UnknownIf you claim to be in the PR business and do media relations, chances are you’re forgetting your most important clients – the journalists you purport to understand and with whom you’re supposed to maintain relationships. That’s what we’re hearing more of these days, anyway.

We believe that at least on the agency side of this business, you have multiple sets of customers that include the clients who pay you and journalists, the clients you also need to serve to be successful. We’ll leave other roles out of this, as we see how those can so often boil down to “protect the boss to protect your job.” But here, we have learned that on the agency side, it is incumbent upon us to balance the communications needs of our clients with a fast-changing media environment, in order serve the needs of both and achieve a successful outcome for all.

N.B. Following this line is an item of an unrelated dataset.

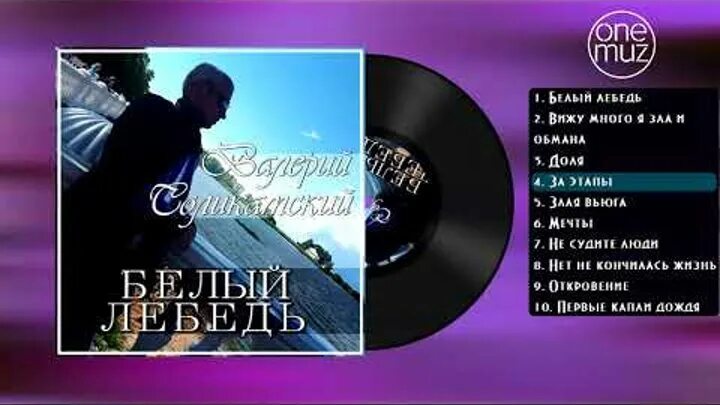 Она белый лебедь песня. Слова к песне птицы белые. Она белый лебедь песня. Белый лебедь на пруду песня караоке. Она белый лебедь песня.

While we must always in the best interest of our paying clients, it has become more imperative than ever to understand and act appropriately based on what’s happening inside continually shrinking and changing news organizations and among their audiences. We must not overload them with pitches that we know won’t fit. We must empathize with what is expected of them on a daily basis in a multi-platform environment. We must listen when they instruct us as to what interests them and fits their strategy to win audience and what doesn’t. We must work within their deadlines and criteria. We must do legwork when it would be helpful to them, especially when they don’t have time and resources and we do. We must respond when asked. If we haven’t worked with an individual journalist before, we must ask them the right questions in an effort to meet their needs. We aren’t gatekeepers, we are conduits and connectors. In other words, it should be like any other sound customer service relationship.

We have a saying in our office that “no one client is more important than our media relationships.” From what we hear in the marketplace, that is a different approach. But from what we hear inside newsrooms, it is appreciated and pays off for us in ways that spreadsheets could never calculate.

We operate in an era when anyone can get a message out to an audience. Essentially, anyone can be a publicist. But the traditional media still, more often that not, holds its rightful place. As the ranks of journalists sadly continue to thin, understanding how they have to work and treating that with the highest level of respect will allow them to be customers we will have the privilege to serve into the future.